Прямой на мгновение смолк, и вдруг во весь рот усмехнулся.
— И поёт он отменно, почтенный — уж получше тебя!
— Довольно свар, почтенные Скъервиры! — встал со скамьи Сигвар Клонсэ, гулко стукнув посохом о половицу, — к чему стучать языками как билами? Да охранит нас Всеотец и его братья от неуспеха в этой выправе, и в грядущих тем больше. Уннир — тебе завтра убывать за Чёрные Горы к укрепям Хлидъярн — так зачем засыпать с обидой на родича?
Вёрткий кисло поморщился, слушая Когтя — не промолвив ни слова и лишь уведя взор набок от глаз Сигвара.
— Я сам не без крови ардну́рцев — так уж выпал мне жребий родиться в семействе из-за похотливости моего деда Эмунда к слишком красивой невольнице, коя вдруг оказалась милее ему за супругу, — усмехнулся хранитель казны и печатей.
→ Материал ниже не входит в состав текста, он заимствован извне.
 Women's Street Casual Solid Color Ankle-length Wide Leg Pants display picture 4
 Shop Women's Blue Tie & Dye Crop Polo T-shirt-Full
— И раньше я слышал довольно презрения и укоров от свердсманов старых семейств. Но я Скъервир, как и все вы собравшиеся тут, достойные мужи — и так же достойно несу выпавший жребий удержать власть нашего дома в дейвóнских уделах. Не я ли был прежде воителем, мечом умножая богатство и славу семейства? Не я ль приумножил и разрастил тот немалый достаток, покровительствуя ремесленникам и искусным умельцам во всех наших владениях? Не я ли завёл множество рукодельных заделов во всех гéйрдах под властью ёрла, дающих нам серебра больше, чем хлебные подати? А в благодарность я даже от родича слышу попрёки в купеческой скупости с трусостью… — он с укором воззрил на Уннира, с которым хранитель казны и печатей был давно не в ладах, стремясь оттереть слишком прыткого среднего брата их ёрла от Красной Палаты — о коей тот явственно грезил.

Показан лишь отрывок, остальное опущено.